## Work request
After locating the line that contains "B&B Di Charme" in the material below, copy that line and each one following it, exactly, up to the last line. Pictures stay out.

Segment Open

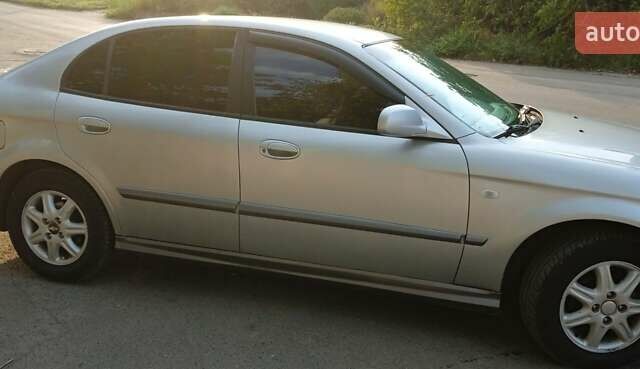 Шевроле Эванда, объемом двигателя 2 л и пробегом 300 тыс. км за 4100 $, фото 6 на Automoto.ua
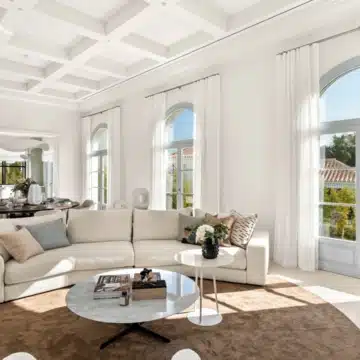 Incredible villa with classical architecture in La Cerquilla, Nueva Andalucia Picture 7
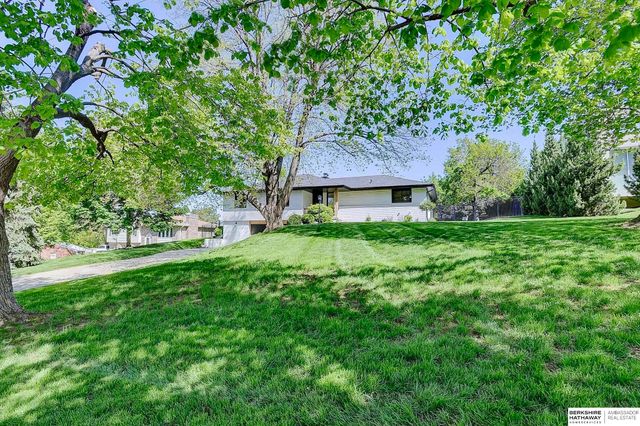 7078 Girard Street, Omaha, NE 68152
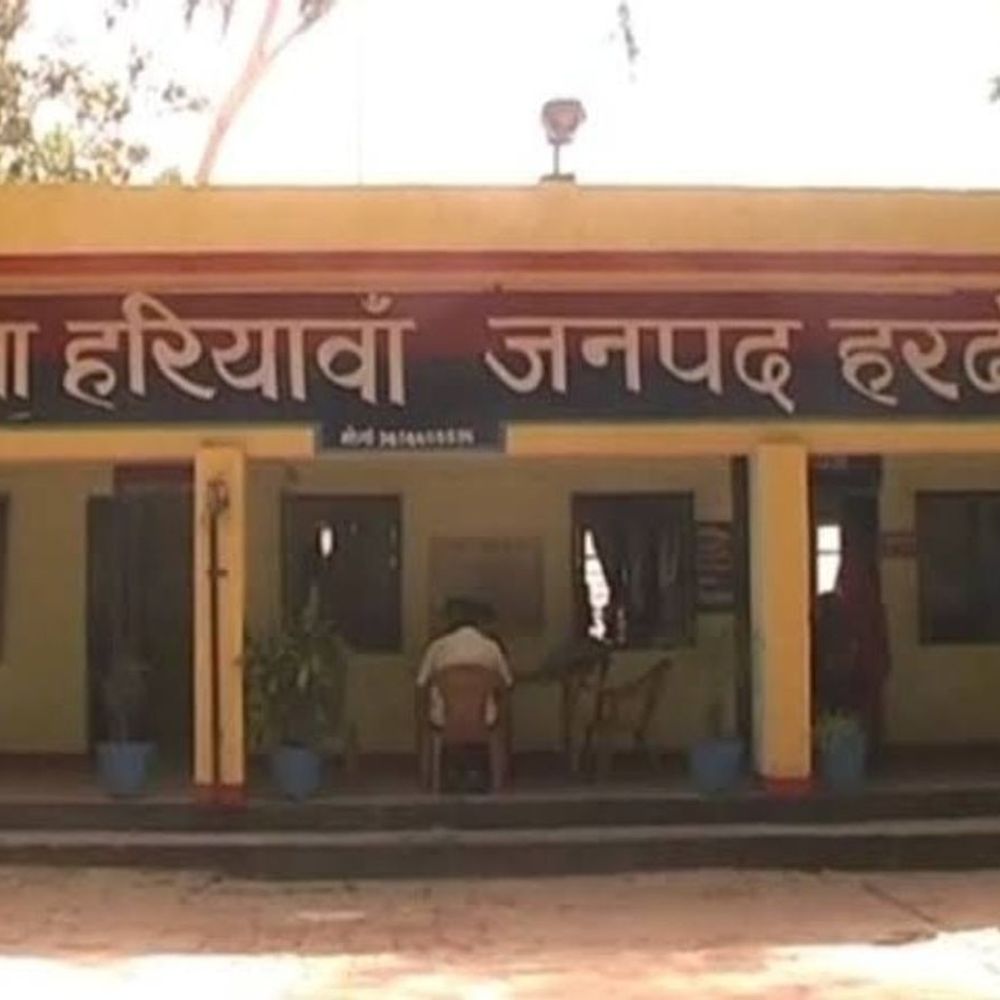 प्रेमी की शादी तय, विवाहिता ने थाने में शिकायत की:हरदोई में शादी का झांसा देकर संबंध बनाने का आरोप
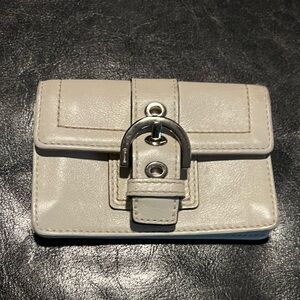 COACH Vintage White Card Wallet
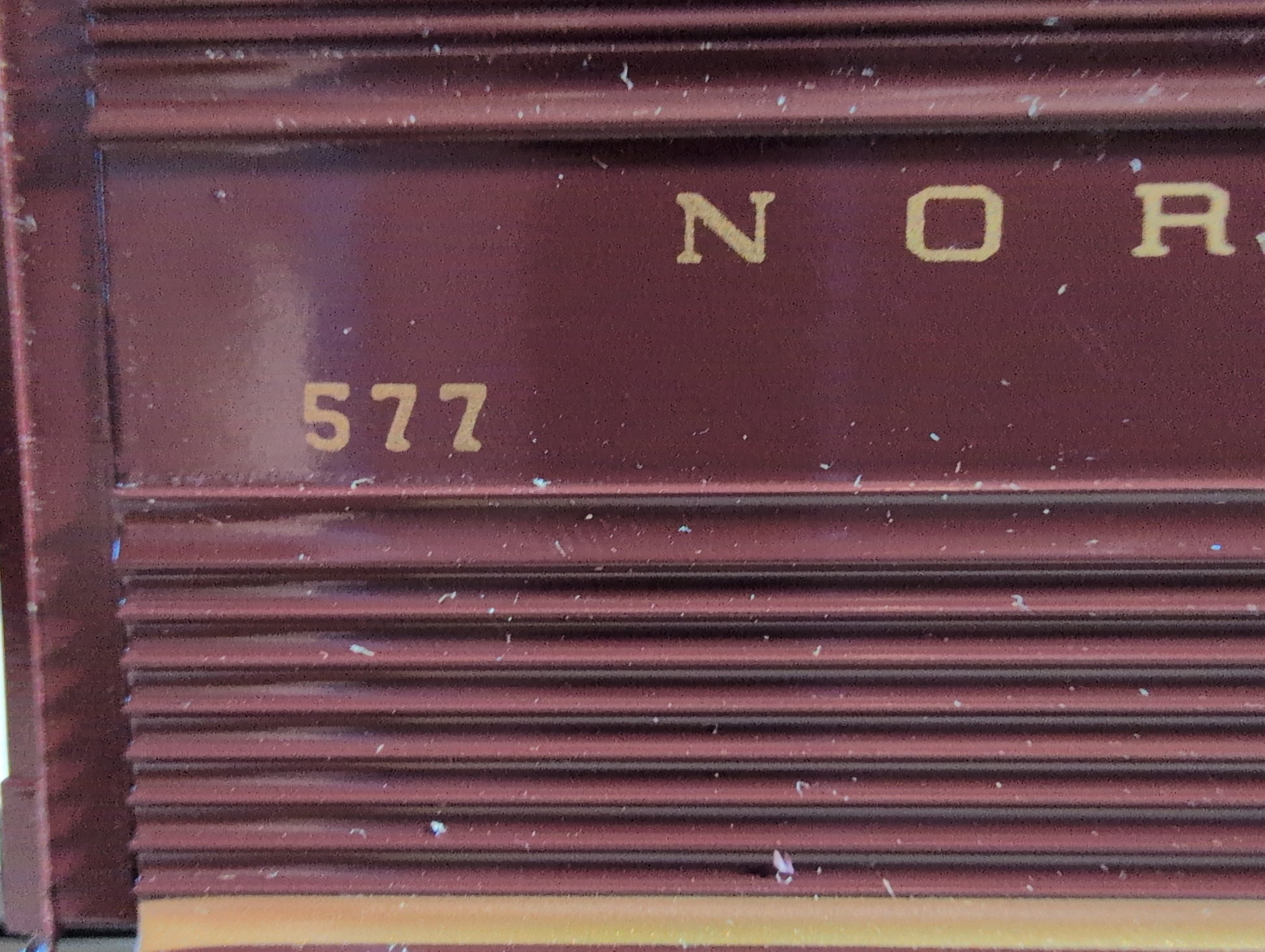 Lionel Norfolk & Western Passenger Car 6-9562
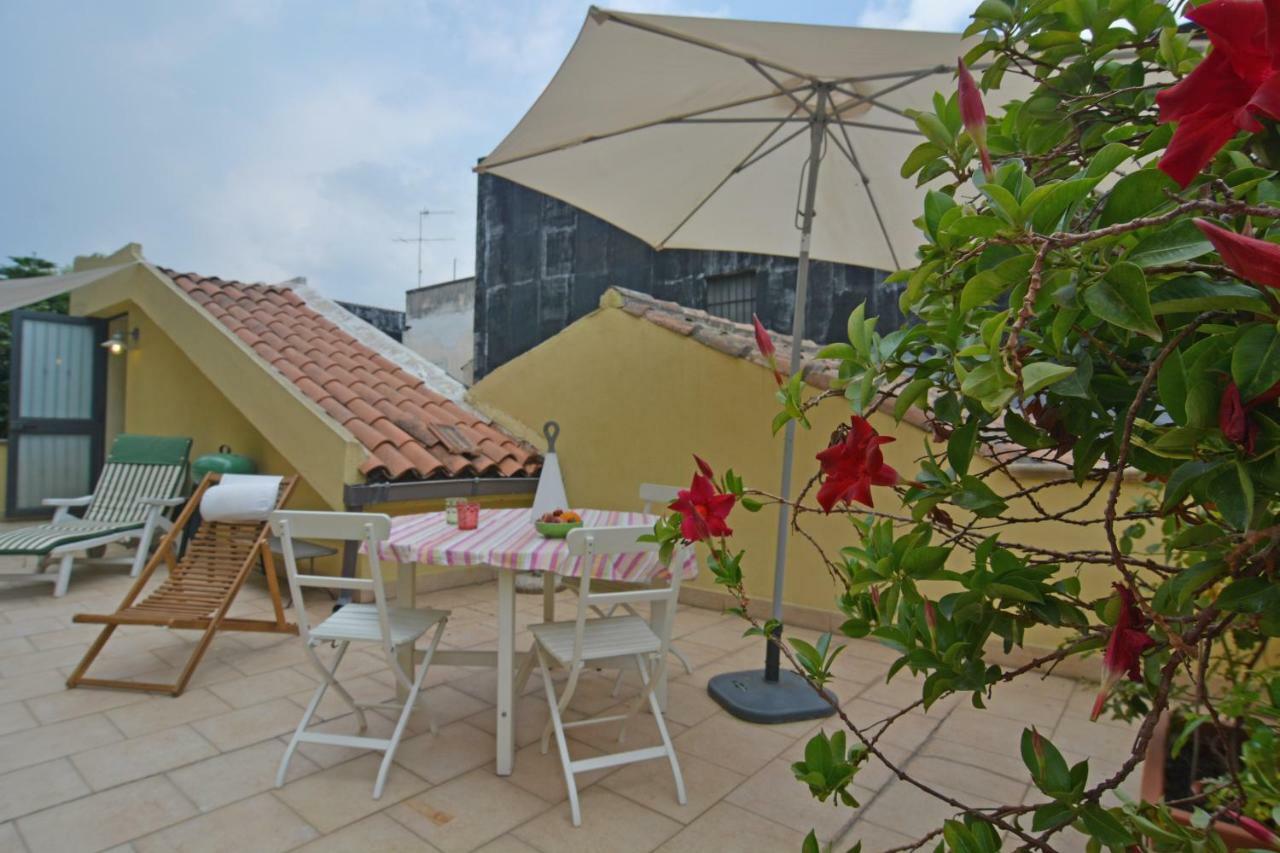 B&B Di Charme Camelie Palazzo Nicotra Riposto Exterior foto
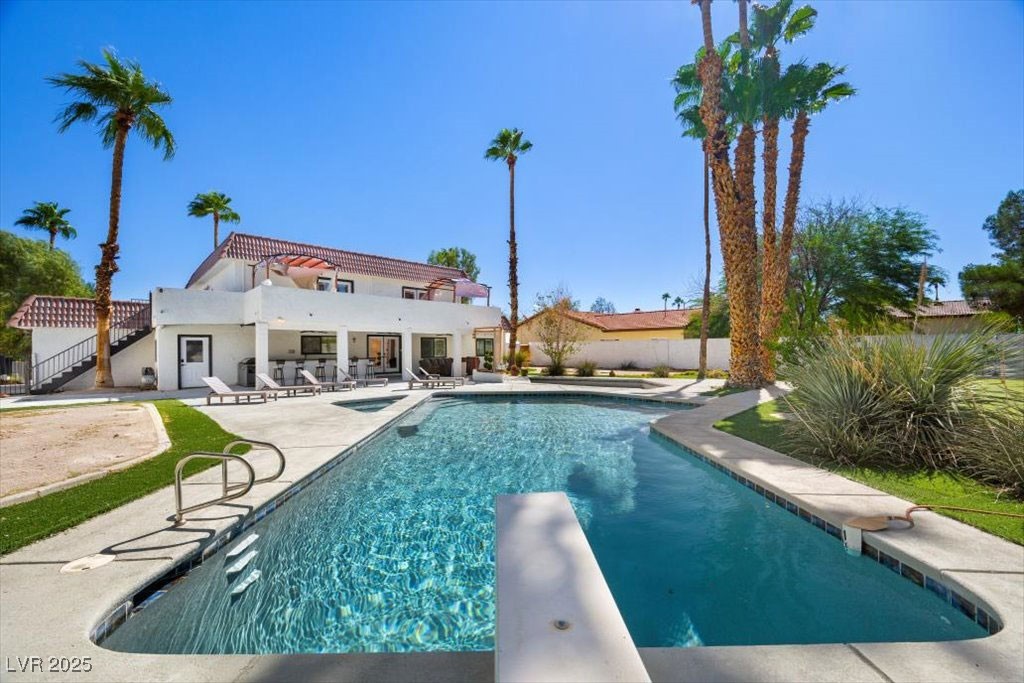 1695 Montessouri Street Las Vegas NV 89117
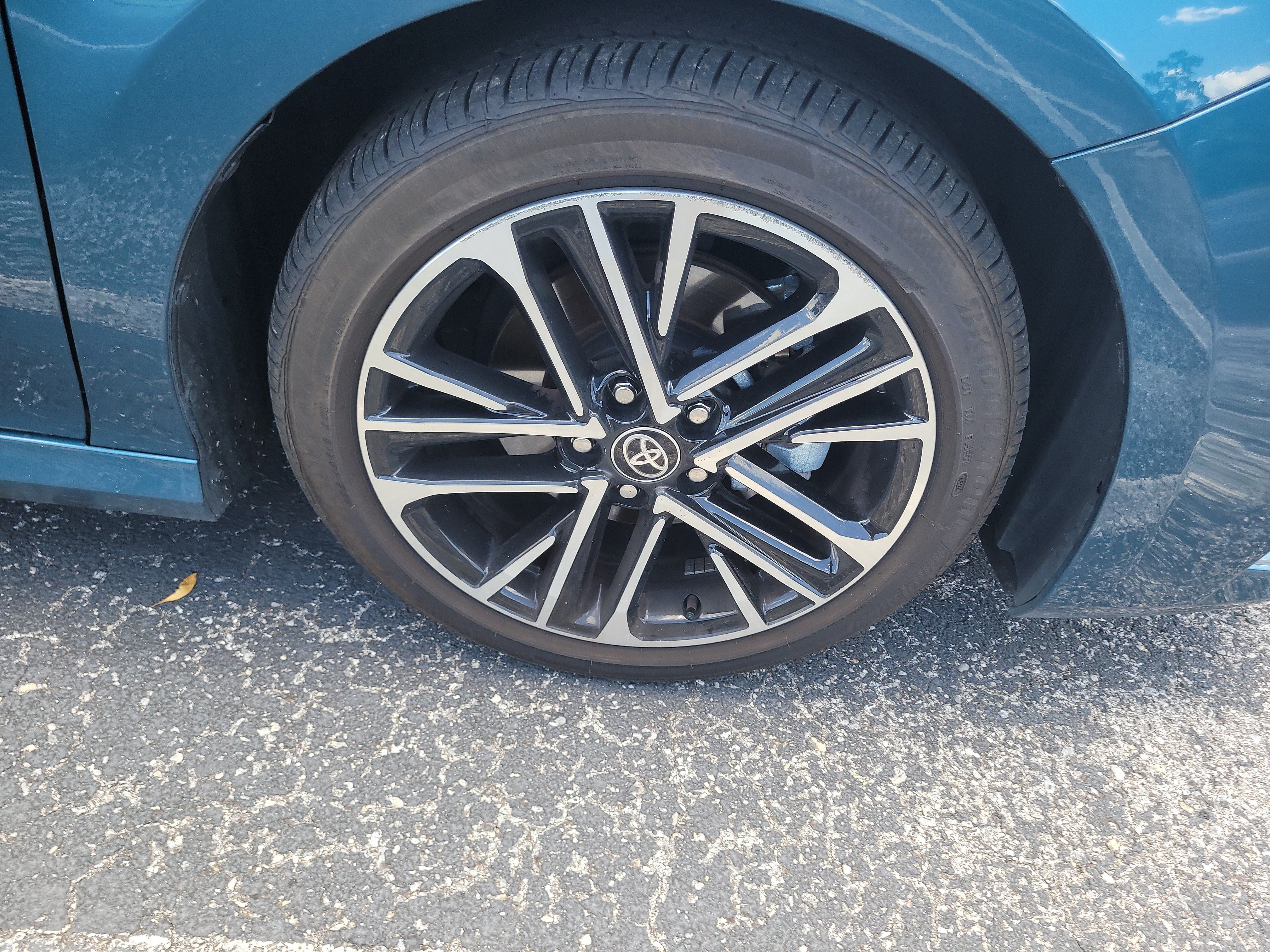 Used 2025 Ocean Gem Toyota XLE image 9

Segment Closed

## Answer below
 B&B Di Charme Camelie Palazzo Nicotra Riposto Exterior foto
 1695 Montessouri Street Las Vegas NV 89117
 Used 2025 Ocean Gem Toyota XLE image 9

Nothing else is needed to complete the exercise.